Stuxnet could have been more effective

Experts say worm authors 'should be embarrassed at their amateur approach'

The Stuxnet worm that infiltrated sensitive systems associated with Iran's nuclear programme, eventually damaging equipment and delaying its progress, is "full of errors", according to an expert.

Speaking at the Black Hat DC conference this week, security consultant Tom Parker suggested that the code may not have been built by a single elite team as initially thought, but instead by two separate groups.

Parker built a tool to analyse the worm's code, and found that there appears to be a marked difference in quality between the code and exploits, and the subsequent weaponisation of the malware.

However not everyone in the industry agrees. Security researcher and blogger Alexander Sotirov wrote on Twitter: "I'm annoyed by all the armchair critics of Stuxnet. How many nuclear programmes have YOU hacked?"

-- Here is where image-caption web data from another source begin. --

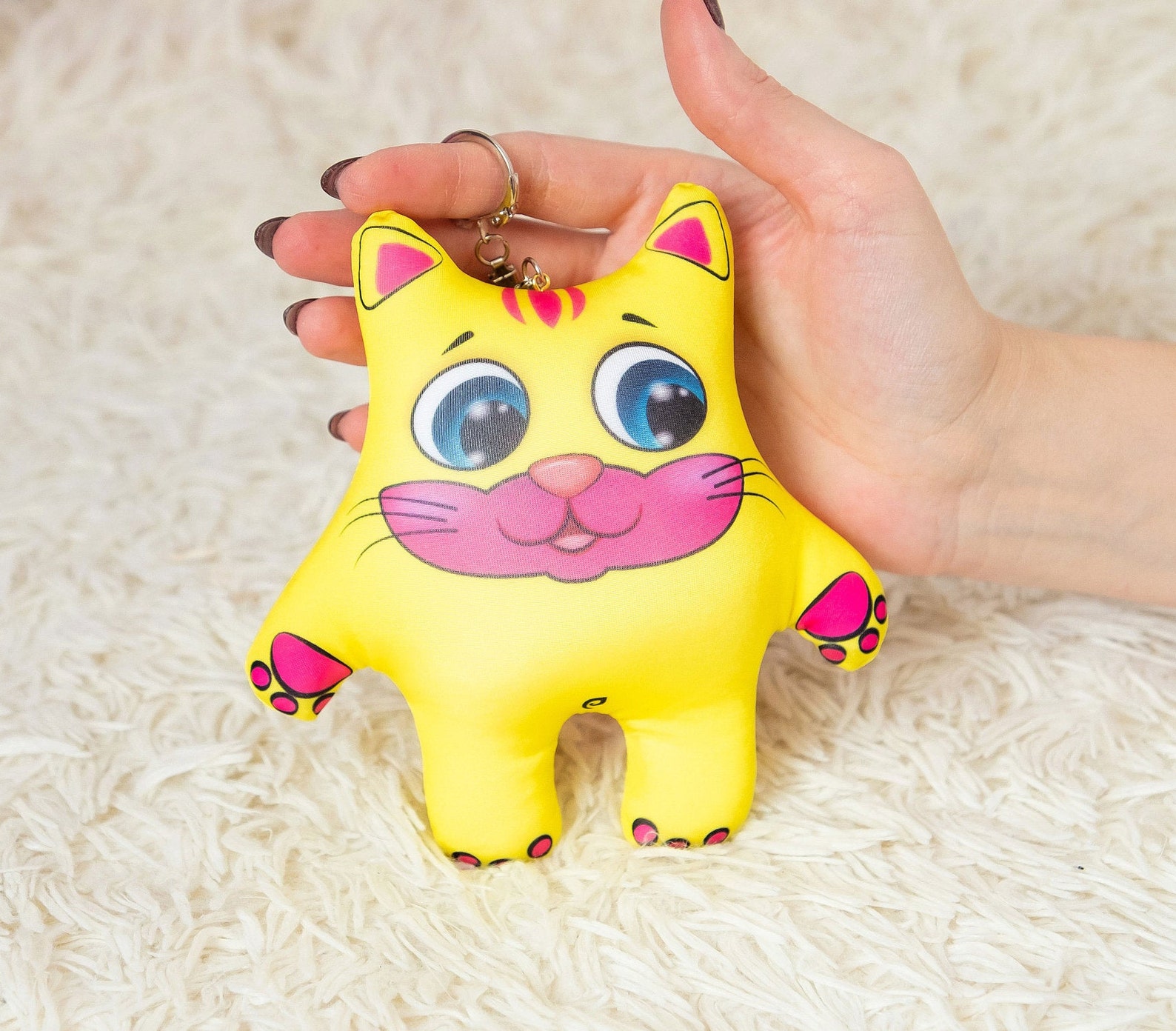 Keychain / Keychain soft cat / Handmade keychain / Mother day Etsy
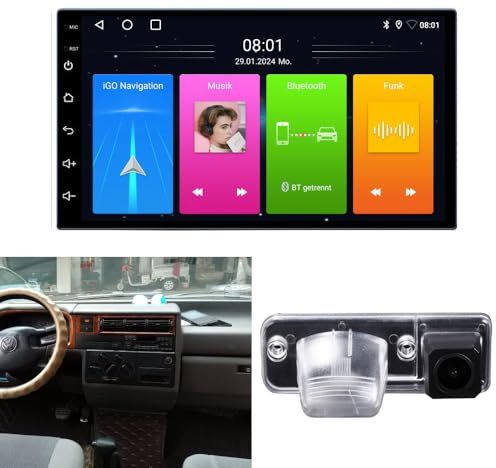 GPS Navigationsgerät für Auto,EU UK 52 Karten Lebenslang kostenloses Update,7 Zoll LKW Navigation+Nachtsicht Rückfahrkamera Ersatz für VW Transporter/Caravelle/Multivan T4 IV MK4 Cargo Van 1990-2003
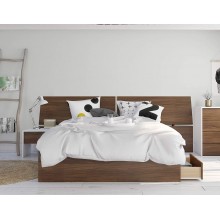 Nexera Mimosa 3 Piece Queen Size Bedroom Set Walnut & White
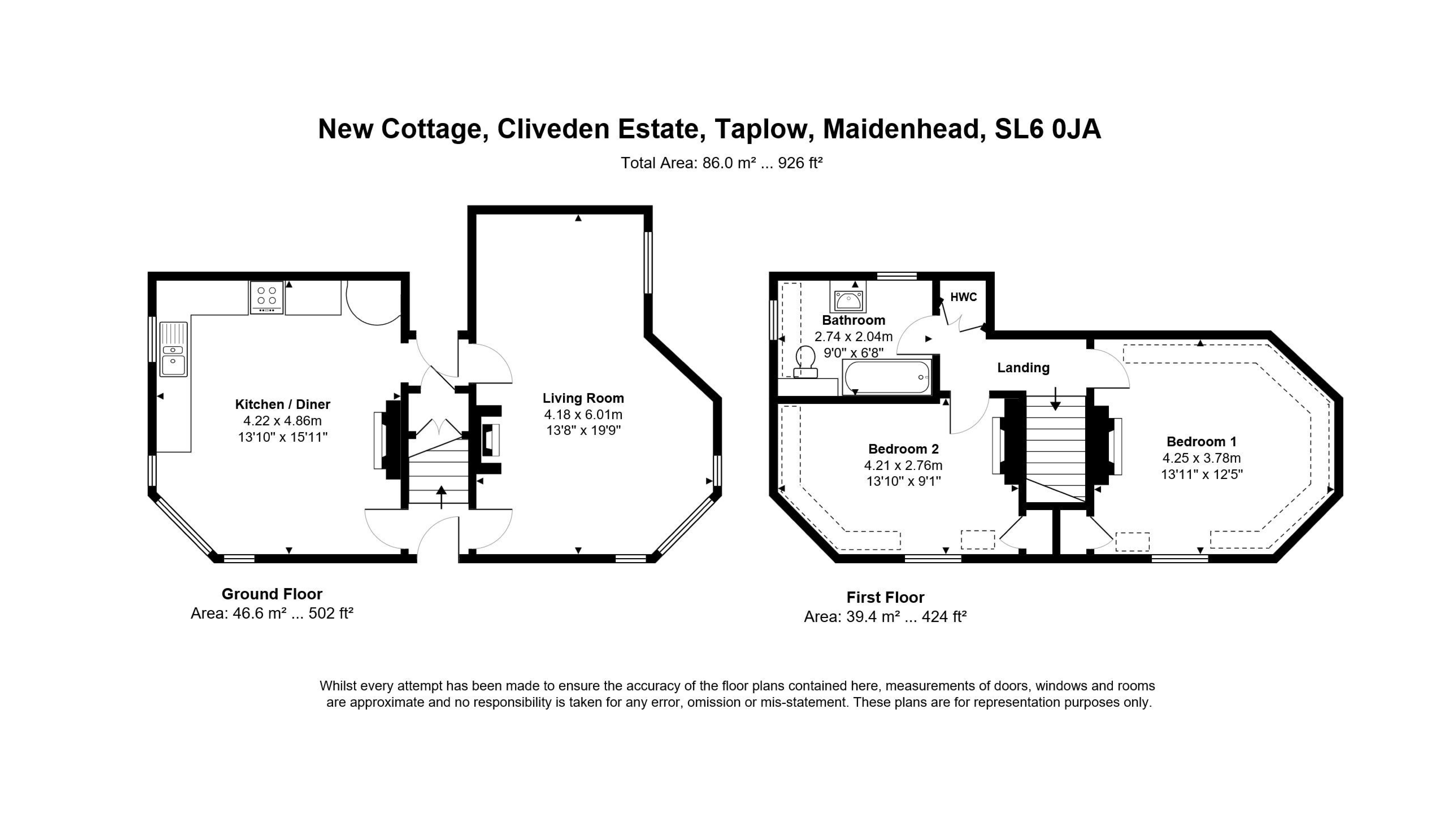 The floor plan for Cliveden New Cottage showing the ground floor with sitting room and kitchen-diner, and the first floor showing two bedrooms and a bathroom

The worm was coded to hide itself within the nuclear systems by recording the telemetry of normal operations, then playing this back to staff monitoring the systems while it was in the process of causing them to destroy themselves.

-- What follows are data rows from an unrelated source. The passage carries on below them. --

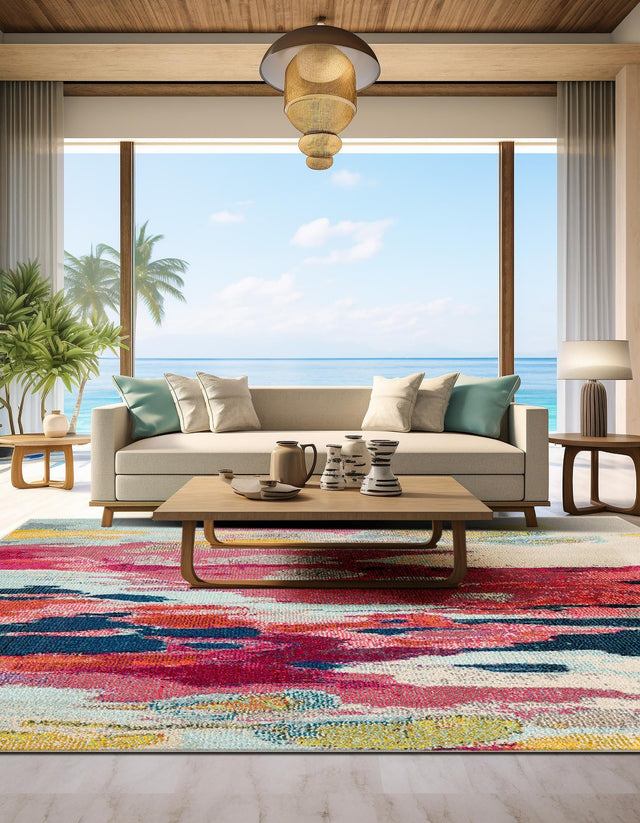 Pink 5' 3 x 5' 3 Estrella Square Area Rug 100% Polypropylene Non-Shedding Stain Resistant Carpet Colorful Modern Abstract Design Easy Clean for Home Decor for Sale at Rug Engine
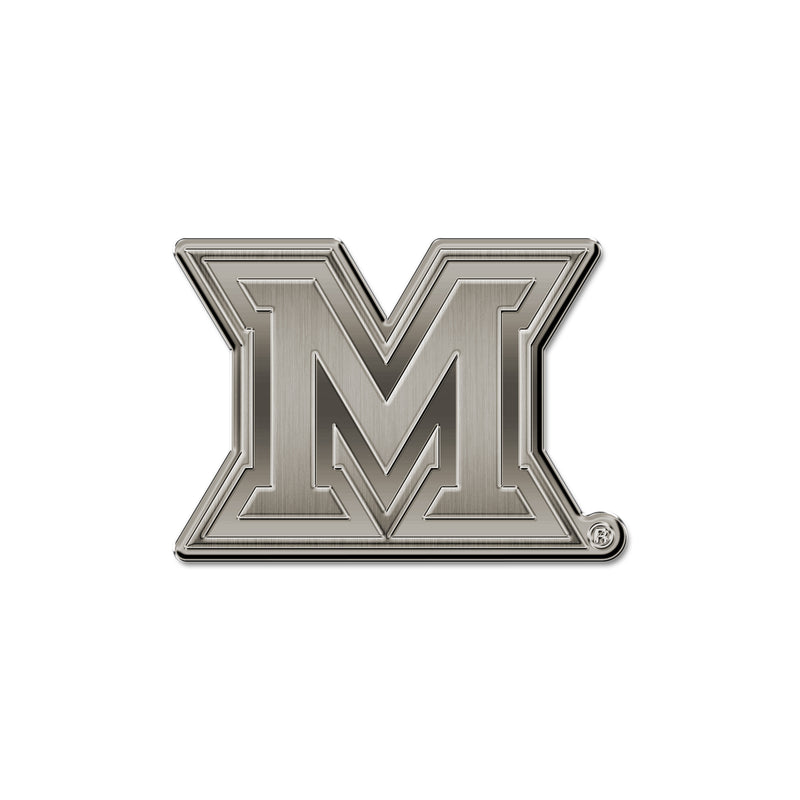 NCAA Miami of Ohio Redhawks Antique Nickel Auto Emblem for Car/Truck/SUV By Rico Industries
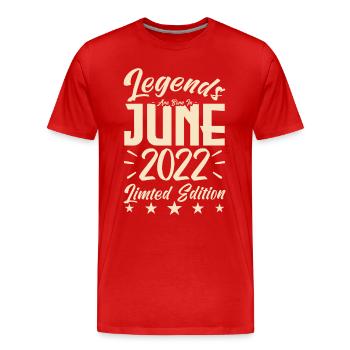 Geboren Juni 2022 Geburtstagsgeschenk 2022. - Männer Premium Bio T-Shirt - Rot - Vorne - Damien (186cm)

However, this was not good enough for security expert Neil Lawson, writing in his blog: "Rather than being proud of its stealth and targeting, the authors should be embarrassed at their amateur approach to hiding the payload."

Lawson added: "I really hope it wasn't written by the USA because I'd like to think our elite cyberweapon developers are at least aware of what Bulgarian teenagers were doing back in the early 90s."

The worm also allowed itself to propagate over the internet, which is unlikely to have been a deliberate capability as it made the code easier to detect.

Parker argued against recent thinking that a Western state had a hand in the worm's coding. "This was probably not a Western state. There were too many mistakes made. There's a lot that went wrong."